Les Hongkongais attendent une réponse de Pékin après quinze jours sans violences

Au cours des deux dernières semaines, les Hongkongais ont lancé un appel très clair au changement, à travers les urnes mais aussi dans les rues où plus d'un habitant sur dix a manifesté pacifiquement dimanche, mais la question de savoir si Pékin les écoute reste ouverte.

Lundi, le territoire semi-autonome est entré dans son sixième mois de crise politique qui a considérablement ébranlé la mégapole, habituellement paisible et stable.

Les quinze derniers jours ont été marqués par une baisse spectaculaire des affrontements entre police et manifestants et des actes de vandalisme.
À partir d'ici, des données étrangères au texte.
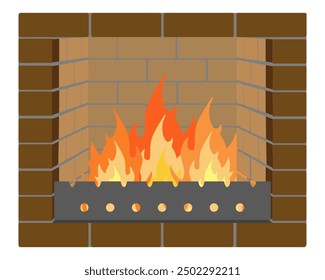 burning fire in the fireplace flat style vector illustration isolated on white background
L'exécutif local, aligné sur Pékin, a insisté sur le fait qu'un retour au calme était un préalable à tout dialogue constructif.

Lundi, une question était donc sur toutes les lèvres: la cheffe de l'exécutif Carrie Lam et Pékin saisiront-ils cette main tendue avant que la colère n'explose à nouveau?

"Ignorer nos voix ne fera qu'amplifier la protestation et cela aura des conséquences", a affirmé à l'AFP Bonnie Leung, figure importante de l'aile modérée du mouvement pro-démocratie.

L'accalmie a débuté à la veille des élections locales du 24 novembre, le seul scrutin dans le territoire se rapprochant le plus de la représentation directe.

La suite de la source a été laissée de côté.